The Vietnamese passport has moved up five places in the latest power ranking with visa free access to 51 destinations.
On the Henley Passport Index updated this month by the U.K.-based global citizenship and residence advisory firm Henley & Partners, the Vietnamese passport has jumped five places to 90th among 107 positions against the previous ranking released last July.
In Southeast Asia, a Vietnamese passport is only more powerful than Laos (92nd) and Myanmar (95th), which have visa free access to 49 and 46 destinations respectively.
The index ranks passports of 200 countries and territories in the world based on data from the International Air Transport Association, which maintains the world’s largest and most comprehensive database of travel information.
The region’s biggest economy, Indonesia, has risen two places to 73rd in this updated ranking with 70 visa-free destinations while Malaysia jumped one place to 12th with visa free access to 177 countries and territories.
Thailand has seen a jump in its global ranking to 66th, up four places. Thais can now travel to 77 countries and territories without applying for a visa, slightly higher than Filipinos (77th) and Cambodians (88th), who have similar access to 65 and 53 destinations respectively.
Singapore and Japan have the most powerful passports in the world, with their citizens able to visit 190 countries and territories without applying for a visa.
South Korea, Germany and Finland ranked second, with citizens having visa-free access to 188 destinations.
Three countries – Denmark, Italy and Luxembourg shared the third place, with their citizens able to visit 187 countries and territories without applying for a visa. France, Sweden and Spain came in fourth.
With the Donald Trump administration pursuing a hostile immigration policy, the U.S. has lost its throne as the most powerful passport in the world to share sixth position with Norway, Switzerland, the U.K., Canada, Belgium, Ireland and Greece.
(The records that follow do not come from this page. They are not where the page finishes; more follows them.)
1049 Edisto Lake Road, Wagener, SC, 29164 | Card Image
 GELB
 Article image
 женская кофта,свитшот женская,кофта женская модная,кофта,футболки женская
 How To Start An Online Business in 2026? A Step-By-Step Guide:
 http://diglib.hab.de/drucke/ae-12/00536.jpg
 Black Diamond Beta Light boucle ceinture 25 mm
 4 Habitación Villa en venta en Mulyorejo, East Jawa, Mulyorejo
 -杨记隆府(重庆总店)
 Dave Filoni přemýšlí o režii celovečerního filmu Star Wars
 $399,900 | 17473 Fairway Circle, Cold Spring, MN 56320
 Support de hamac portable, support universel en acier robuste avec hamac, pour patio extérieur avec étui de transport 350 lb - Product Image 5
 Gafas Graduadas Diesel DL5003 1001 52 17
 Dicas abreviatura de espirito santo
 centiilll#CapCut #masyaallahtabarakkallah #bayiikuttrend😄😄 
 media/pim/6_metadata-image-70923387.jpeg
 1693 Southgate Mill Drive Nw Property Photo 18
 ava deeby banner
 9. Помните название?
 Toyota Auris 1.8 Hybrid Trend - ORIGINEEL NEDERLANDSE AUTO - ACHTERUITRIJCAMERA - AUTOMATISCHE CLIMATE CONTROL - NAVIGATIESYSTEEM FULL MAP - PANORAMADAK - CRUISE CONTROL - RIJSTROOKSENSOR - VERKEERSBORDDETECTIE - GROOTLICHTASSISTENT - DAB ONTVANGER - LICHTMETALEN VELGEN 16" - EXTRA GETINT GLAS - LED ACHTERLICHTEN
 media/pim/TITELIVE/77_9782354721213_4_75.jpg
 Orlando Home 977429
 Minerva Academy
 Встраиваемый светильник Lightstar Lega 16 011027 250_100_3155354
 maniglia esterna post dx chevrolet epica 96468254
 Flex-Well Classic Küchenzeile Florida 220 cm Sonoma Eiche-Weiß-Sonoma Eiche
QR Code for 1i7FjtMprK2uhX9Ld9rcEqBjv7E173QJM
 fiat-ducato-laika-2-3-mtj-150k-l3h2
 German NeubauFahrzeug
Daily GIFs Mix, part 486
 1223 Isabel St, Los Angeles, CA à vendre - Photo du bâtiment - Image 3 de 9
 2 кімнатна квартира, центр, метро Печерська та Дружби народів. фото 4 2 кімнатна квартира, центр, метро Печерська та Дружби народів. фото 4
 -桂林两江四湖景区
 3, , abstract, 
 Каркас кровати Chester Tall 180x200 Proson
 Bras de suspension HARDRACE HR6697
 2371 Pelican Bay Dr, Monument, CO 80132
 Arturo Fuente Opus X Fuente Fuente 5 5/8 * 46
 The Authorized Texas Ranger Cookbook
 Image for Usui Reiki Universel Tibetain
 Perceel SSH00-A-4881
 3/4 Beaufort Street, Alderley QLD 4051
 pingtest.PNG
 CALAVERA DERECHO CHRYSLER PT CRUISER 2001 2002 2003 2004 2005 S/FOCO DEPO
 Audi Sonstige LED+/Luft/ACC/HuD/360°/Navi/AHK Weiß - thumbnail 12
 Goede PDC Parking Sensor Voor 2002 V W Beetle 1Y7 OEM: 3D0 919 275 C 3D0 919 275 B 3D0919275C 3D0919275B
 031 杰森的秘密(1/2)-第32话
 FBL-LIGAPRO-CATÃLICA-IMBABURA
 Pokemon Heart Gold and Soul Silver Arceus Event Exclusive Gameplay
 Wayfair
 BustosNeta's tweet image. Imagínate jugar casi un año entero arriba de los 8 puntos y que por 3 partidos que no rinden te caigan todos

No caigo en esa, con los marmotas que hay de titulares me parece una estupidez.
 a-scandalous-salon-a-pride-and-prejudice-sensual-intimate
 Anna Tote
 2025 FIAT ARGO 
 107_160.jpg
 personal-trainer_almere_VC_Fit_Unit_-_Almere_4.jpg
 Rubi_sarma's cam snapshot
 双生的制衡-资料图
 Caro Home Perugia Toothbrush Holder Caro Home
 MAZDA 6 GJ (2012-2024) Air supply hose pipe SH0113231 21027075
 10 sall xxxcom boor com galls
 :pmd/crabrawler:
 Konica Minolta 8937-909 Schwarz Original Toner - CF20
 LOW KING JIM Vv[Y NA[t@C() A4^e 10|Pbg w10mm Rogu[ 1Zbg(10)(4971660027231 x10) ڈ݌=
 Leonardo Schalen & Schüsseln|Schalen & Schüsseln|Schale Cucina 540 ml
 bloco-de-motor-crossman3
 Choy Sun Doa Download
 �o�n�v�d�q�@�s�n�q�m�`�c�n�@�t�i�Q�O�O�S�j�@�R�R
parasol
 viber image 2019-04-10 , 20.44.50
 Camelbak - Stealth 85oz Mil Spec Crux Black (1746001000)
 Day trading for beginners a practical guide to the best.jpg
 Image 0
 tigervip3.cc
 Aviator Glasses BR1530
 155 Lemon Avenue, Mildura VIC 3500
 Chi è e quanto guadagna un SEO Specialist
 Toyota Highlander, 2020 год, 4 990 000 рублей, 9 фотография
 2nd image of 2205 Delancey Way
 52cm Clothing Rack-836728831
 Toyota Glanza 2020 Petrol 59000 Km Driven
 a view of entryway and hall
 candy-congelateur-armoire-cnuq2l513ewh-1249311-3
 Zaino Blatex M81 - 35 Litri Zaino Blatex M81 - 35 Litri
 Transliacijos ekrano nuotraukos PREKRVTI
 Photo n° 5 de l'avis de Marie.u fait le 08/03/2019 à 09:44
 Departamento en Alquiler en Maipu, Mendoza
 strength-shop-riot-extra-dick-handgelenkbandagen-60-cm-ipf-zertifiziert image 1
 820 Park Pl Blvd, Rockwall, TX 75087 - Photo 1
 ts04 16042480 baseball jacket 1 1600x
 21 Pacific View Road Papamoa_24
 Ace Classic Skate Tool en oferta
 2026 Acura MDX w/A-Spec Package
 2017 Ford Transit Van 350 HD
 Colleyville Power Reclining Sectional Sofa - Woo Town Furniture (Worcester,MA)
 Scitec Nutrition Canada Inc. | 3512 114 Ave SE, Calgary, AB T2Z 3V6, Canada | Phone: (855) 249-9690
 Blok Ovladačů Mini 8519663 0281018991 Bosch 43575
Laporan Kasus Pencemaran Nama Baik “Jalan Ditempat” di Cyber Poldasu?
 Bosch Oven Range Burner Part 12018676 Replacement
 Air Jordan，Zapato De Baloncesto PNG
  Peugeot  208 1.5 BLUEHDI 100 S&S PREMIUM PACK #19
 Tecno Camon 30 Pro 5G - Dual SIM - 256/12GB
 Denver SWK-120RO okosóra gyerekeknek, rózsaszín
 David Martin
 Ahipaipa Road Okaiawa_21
The world’s weakest passports come from poor countries mired in conflict like Syria, Somalia, Iraq, Pakistan and Afghanistan. Passport holders from these nations can only visit between 32 and 39 other countries without visas.
“Countries that have higher visa scores also rank higher in economic freedom, especially in investment, financial, and business freedom,” Christian H. Kalin, group chairman of Henley & Partners, said in a statement.
He said the growing trend towards visa openness is unlikely to slow down. Overall, 2019 looks set to hold “some surprises in the travel freedom space as more countries and citizens embrace the benefits of global mobility,” he said.